Directions: Please return the records below exactly as they appear, leaving every picture out.

___ Excerpted records

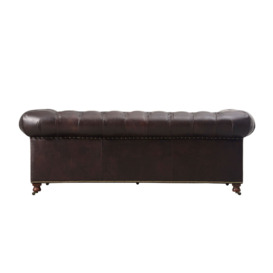 Asquith 2.5 Seater Chesterfield Sofa, Brown Leather - Barker & Stonehouse - thumbnail 3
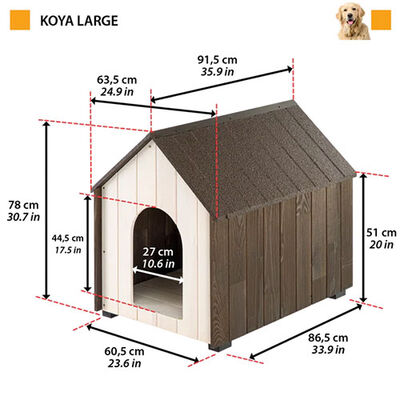 Ferplast Koya Large Wooden Dog House Weatherproof Pine 91.5cm
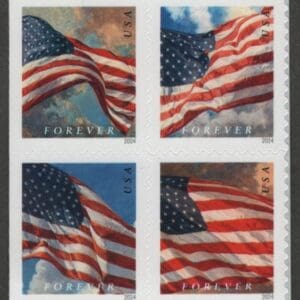 Scott# 5883-86 "2024 FLAGS" MNH APU BKLT BLOCK(4) NICELY CENTERED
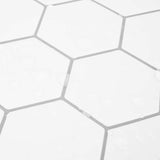vidaXL Hexagon Tegel 10 pcs Wit Grijs 30 x 30 cm Polyurethaan en PET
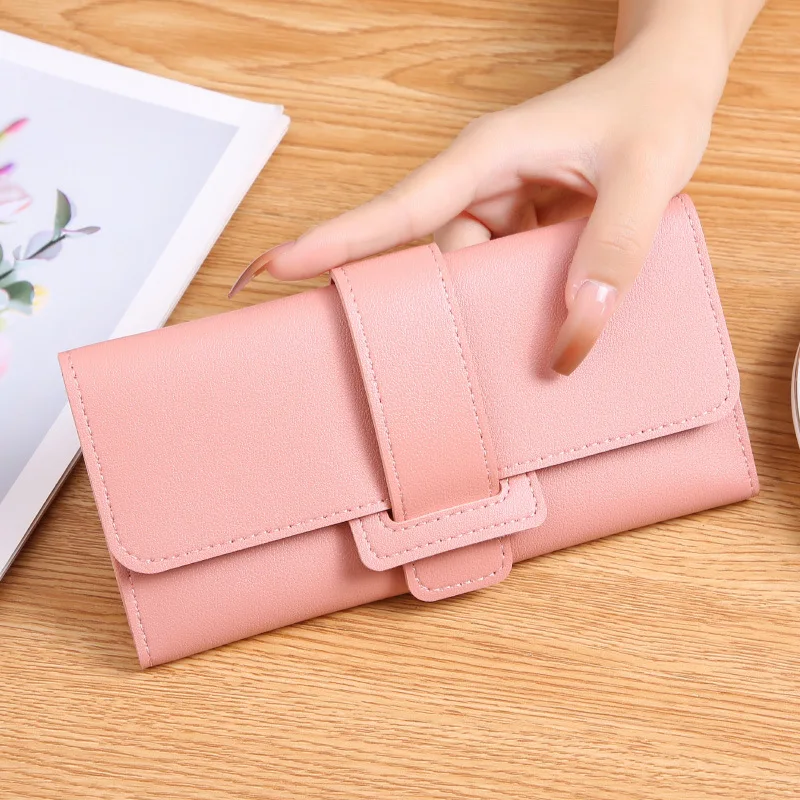 

Women's Wallet Long Three Fold Flip Change Multi-functional Buckle Wallet Coin Purses Card Bag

______

Output for this task:
 Asquith 2.5 Seater Chesterfield Sofa, Brown Leather - Barker & Stonehouse - thumbnail 3
 Ferplast Koya Large Wooden Dog House Weatherproof Pine 91.5cm
 Scott# 5883-86 "2024 FLAGS" MNH APU BKLT BLOCK(4) NICELY CENTERED
vidaXL Hexagon Tegel 10 pcs Wit Grijs 30 x 30 cm Polyurethaan en PET

Women's Wallet Long Three Fold Flip Change Multi-functional Buckle Wallet Coin Purses Card Bag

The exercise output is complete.